# Dogs walked by men are more aggressive



## Kittilicious (Sep 25, 2011)

Dogs being walked by men are four times more likely to threaten and bite other dogs and dogs on a leash are more likely to act aggressively than dogs off the leash.

Dogs Walked by Men Are More Aggressive : Discovery News

*Interesting article. *


----------



## southernfiction (Oct 5, 2011)

Loved the article. Thanks.


----------



## Marnie (Oct 11, 2011)

That's very interesting. I wonder what the percentage of men vs women do the dog walking. If more men walk the family dog while the wife finishes up the housework, that would explain it.


----------



## Jax08 (Feb 13, 2009)

I think it's more likely that men allow dogs to get away with aggressive behavior a bit more than women and also that women are probably more likely to hand off the dog walking of an aggressive dog to their husband.


----------



## Germanshepherdlova (Apr 16, 2011)

I know that my dogs behave more aggressively when my DH walks them because he doesn't think it's such a big deal so he doesn't correct them like I do when they bark at people or growl at other dogs as he walks along with them. He thinks that as long as he has control of them he doesn't have to worry about them behaving menacingly. I, on the other hand, need to get any such ideas out of their mind quick before they start pulling me toward a person or other dog and I loose control of them.


----------



## crackem (Mar 29, 2006)

I think Jax hit the nail on the head.


----------



## martemchik (Nov 23, 2010)

I'm with Jax too, there isn't enough control in an experiment such as this one to make the connection that a dog is more likely to be aggressive if it is walked by a man. I'll admit that I let Rooney get away with a lot more than my girlfriend does, but its because I know that I can pull him away if things get out of line, she on the other hand won't be able to break up a scuffle as easily and will not allow him to say hello to "questionable" dogs. This by no means that Rooney is aggressive, its just that I allow him to be himself and a dog more than she does.

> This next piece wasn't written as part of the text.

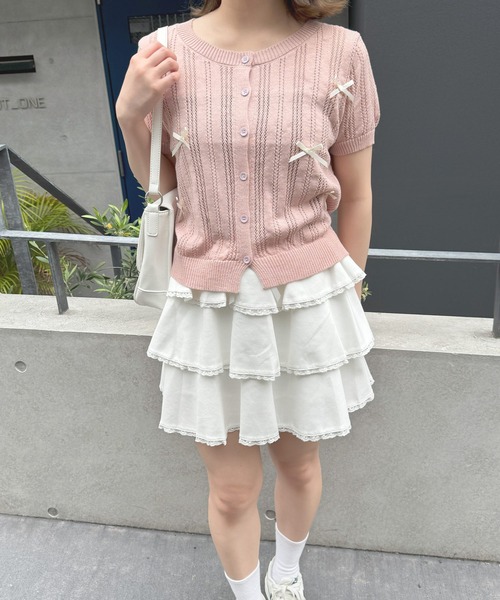 frunco(フランコ)の「【ZOZO限定】リボン付き半袖カーディガン(カーディガン/ボレロ・レディース・ブラック/グレー/ピンク/ホワイト・FREE)」の12枚目の写真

The part about the leashes is very cool though. I already kind of had an incling that they prefer to say hello without leashes and feel much more threatened when one is one them.


----------



## paulag1955 (Jun 29, 2010)

martemchik said:


> ...its just that I allow him to be himself and a dog more than she does.


Funny you should say that. My husband allows Shasta to get away with several behaviors that I think could lead to aggressive behavior because he says she should be able to "be a dog." I always counter that I want her to be a well-behaved dog.


----------



## paulag1955 (Jun 29, 2010)

I wonder if breed choice is a factor as well, with men being more inclined to choose breeds that tend to be more naturally aggressive.


----------



## selzer (May 7, 2005)

I don't know, why it might be, maybe men have harsher voices and are more likely to react forcefully to any sign of aggressiveness which might make a fearful dog, fear-aggressive, and give less warning to their intentions (trained not to), which would back most people off, and perhaps these dogs end up biting more often.

In the past six years since I have been going to training classes with my trainer (I put a LOT of dogs through classes) and spent an average of 1000 dollars per year at $75 per class, puts me at about 13 classes per year x 6 years, which would be 78 classes (usually each of these were six week sessions, and held 6-8 dogs). The owner/handlers were overwhelmingly female. I would say, 7 women to each man would be close. The one time any dog bit the instructor during class, the dog was handled by a man. 

So I am not surprised by the finding, at the same time, a sample of one is really no sample at all.


----------



## Jack's Dad (Jun 7, 2011)

I can't believe the amount of dumb studies that are funded including this one.

Even if it were accurate, so what. What will it change?

If there is money floating around out there I wish they would use it for something worthwhile.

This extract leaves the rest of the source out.